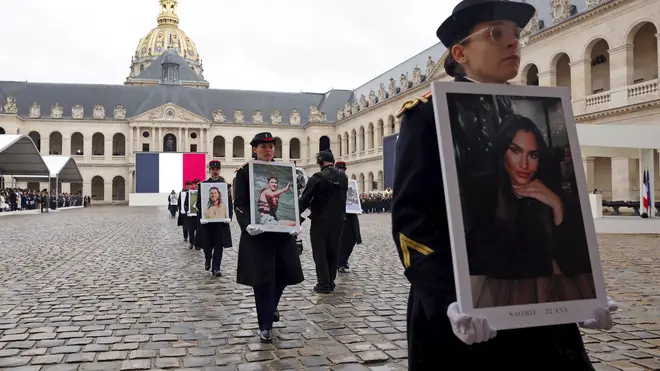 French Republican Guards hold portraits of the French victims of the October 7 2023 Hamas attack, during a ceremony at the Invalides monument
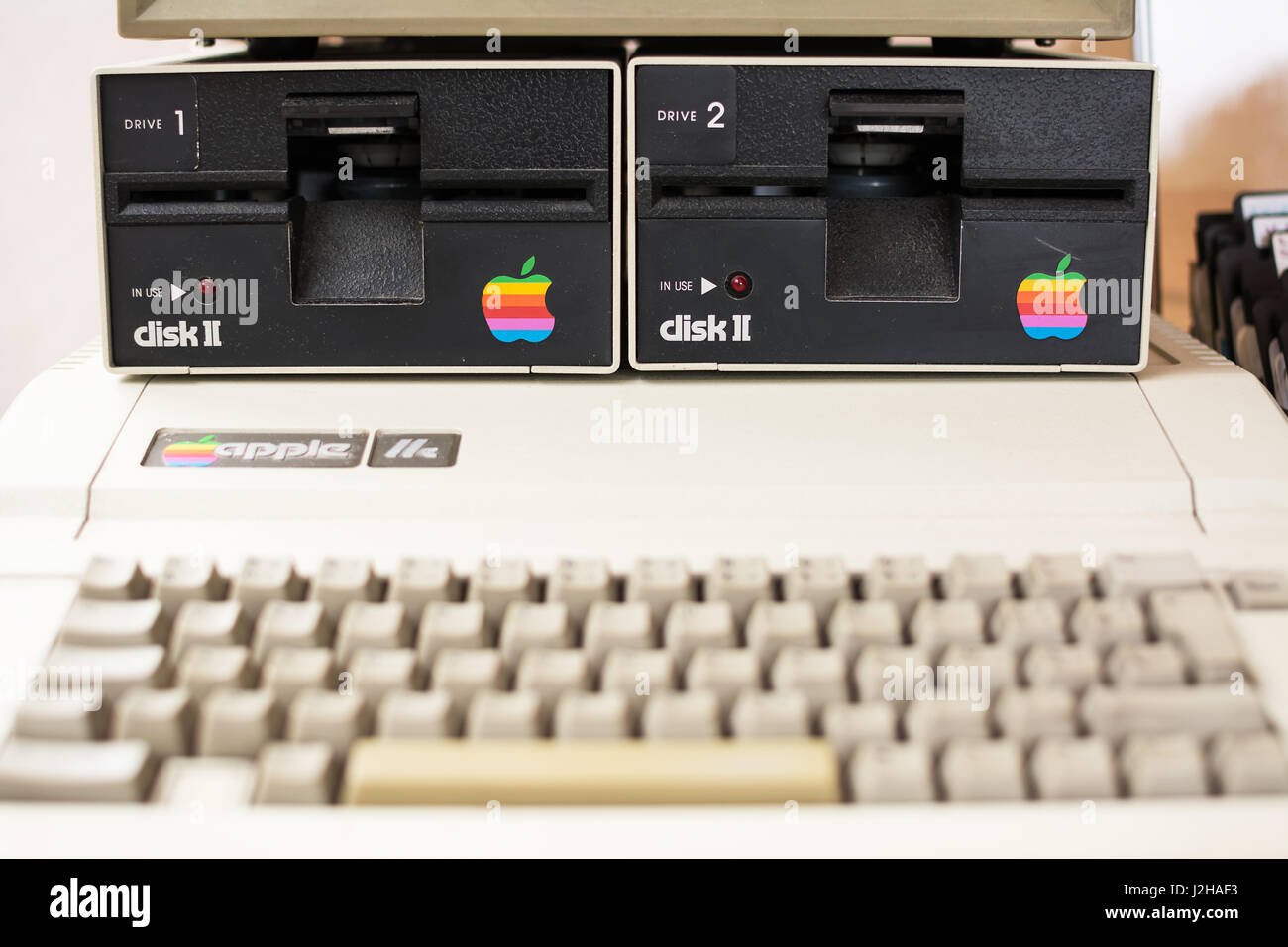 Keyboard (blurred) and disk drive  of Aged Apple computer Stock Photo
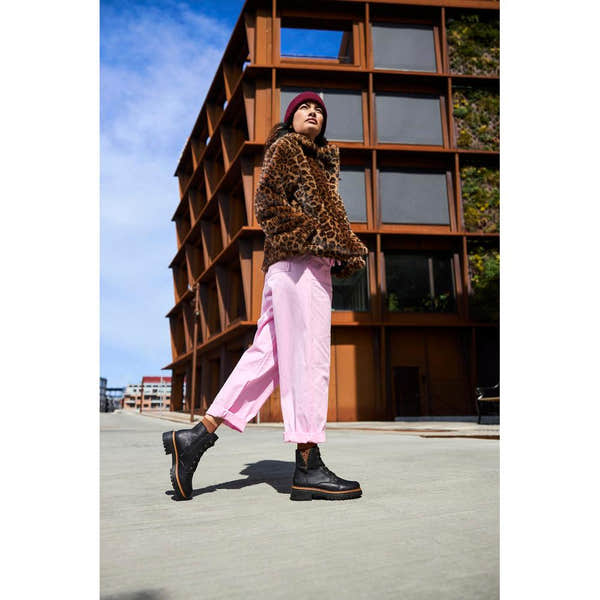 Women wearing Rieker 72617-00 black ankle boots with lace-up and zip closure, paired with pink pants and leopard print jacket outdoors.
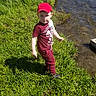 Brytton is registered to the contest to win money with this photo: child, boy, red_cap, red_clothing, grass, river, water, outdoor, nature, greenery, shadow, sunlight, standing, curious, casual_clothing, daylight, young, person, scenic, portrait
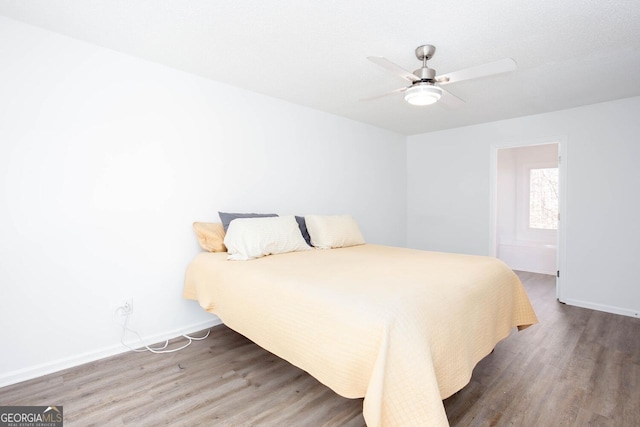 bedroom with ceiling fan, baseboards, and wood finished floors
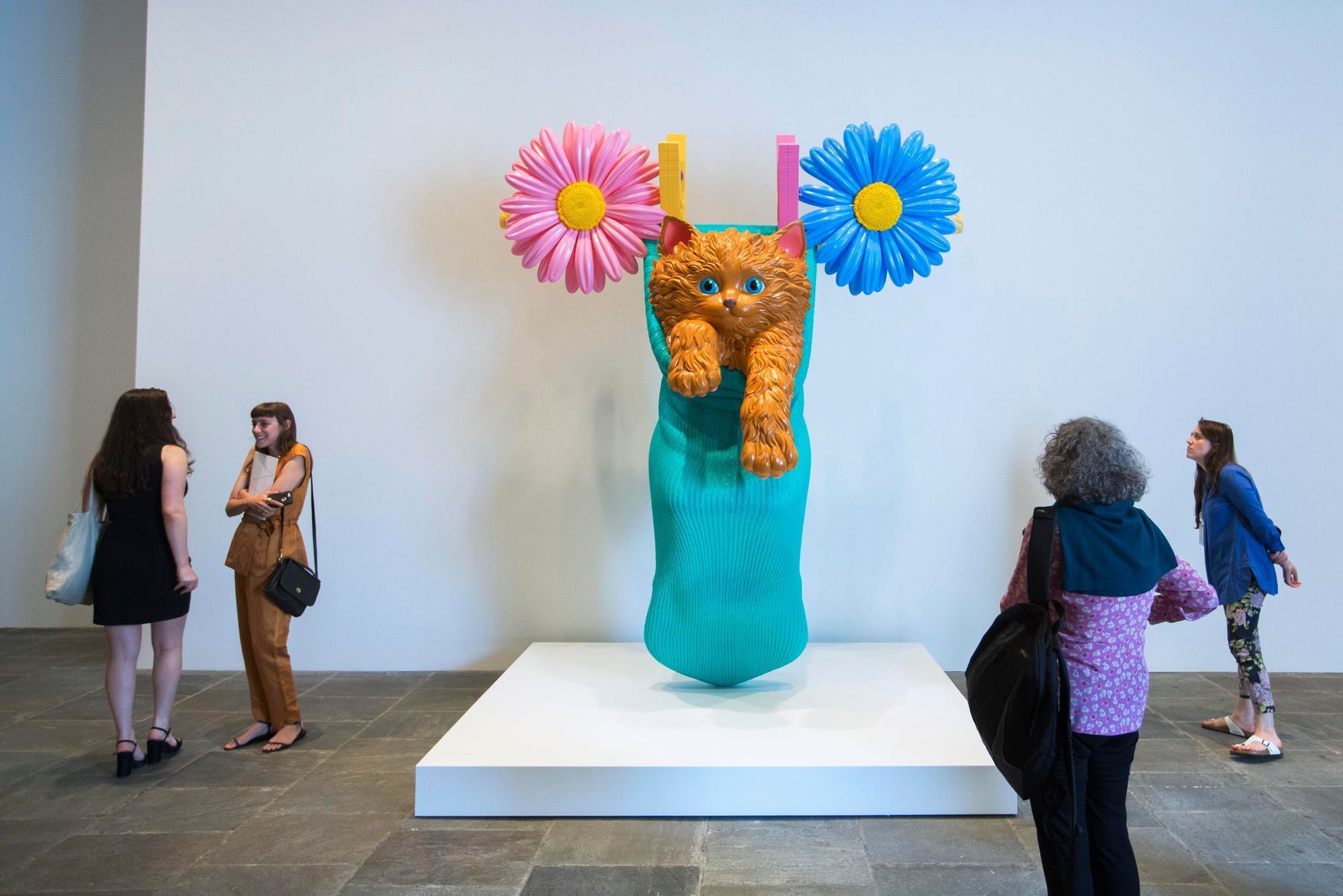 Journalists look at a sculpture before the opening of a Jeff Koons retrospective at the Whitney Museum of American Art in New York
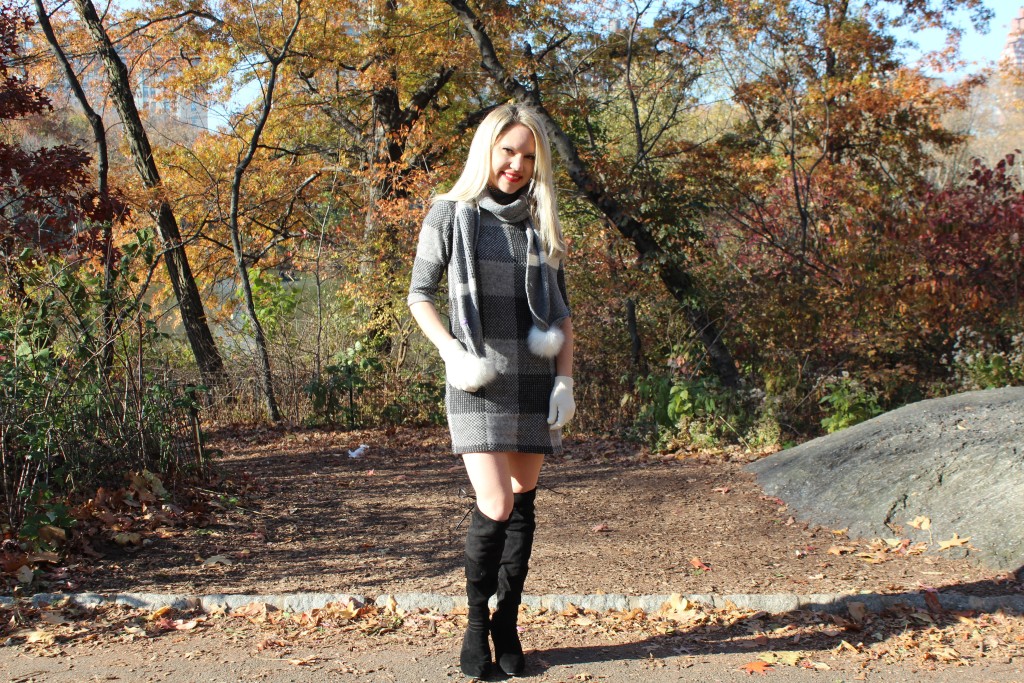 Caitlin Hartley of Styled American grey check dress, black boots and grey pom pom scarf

━━━━━━━━━━

TASK PROMPT: The lines to set down run from the line with "Keyboard (blurred) and" up to and including the line with "Women wearing Rieker" in the entries above. Reproduce them exactly, with no pictures.

SOLUTION:
 Keyboard (blurred) and disk drive  of Aged Apple computer Stock Photo
 Women wearing Rieker 72617-00 black ankle boots with lace-up and zip closure, paired with pink pants and leopard print jacket outdoors.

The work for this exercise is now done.